Online labor markets such as Amazon Mechanical Turk (AMT), Uber, and TaskRabbit are contributing to rapid changes in the nature of work for hundreds of thousands of workers. These markets create significant new economic opportunities, but most currently treat workers as second-class citizens. Take-home pay is often low compared to similar work in traditional employment arrangements, and workers have limited means of influencing market design or management practice. This makes it hard for workers to create reliable livelihoods from the opportunities these markets present. This dissertation uses AMT, an online labor market for small information tasks, as a case through which to examine the consequences of treating workers as second-class citizens, to argue that future platform designs and management practices should treat workers as central stakeholders, and to develop theory and method for doing so.

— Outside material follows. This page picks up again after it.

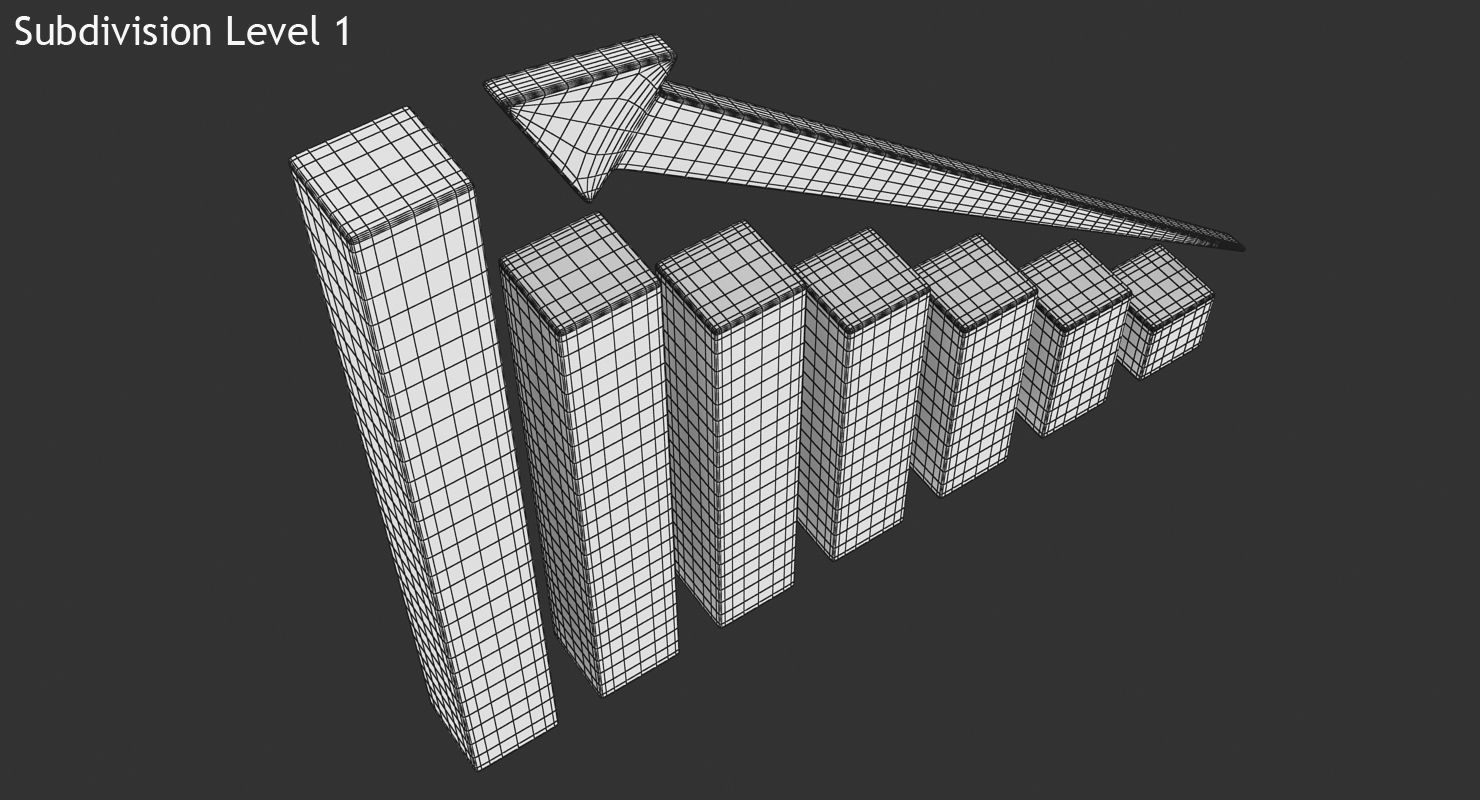 Bar Chart Low-poly 3D model_12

The central argument of the dissertation is that workers' concerns should be more substantively and systematically addressed in the design and operation of online labor markets. Five messages elaborate this argument. First, in online labor markets, some workers are casual or transient, while others are professionals, providing significant and reliable value to customers and relying on income earned in the market to meet basic needs. Second, workers who rely on income earned through online labor markets should be considered first-class stakeholders, alongside customers and shareholders. Third, workers in online labor markets are rarely the narrowly self-interested profit maximizers of classical economic theory. Workers can be better understood as "situatedly rational" actors: human beings with incomplete information and finite cognitive capabilities whose actions and preferences are shaped by many factors, including rules, norms, and expectations. Fourth, online labor markets are not monolithic, perfectly competitive markets but parts of polycentric economic systems composed of complexly interlinked action situations characterized by imperfect competition and incomplete information. Fifth, institutions supporting crowd work research should develop an interdisciplinary practice-oriented agenda to understand the consequences of current online labor market designs and practices, and to develop new designs and practices that incorporate workers who rely on market income as central stakeholders.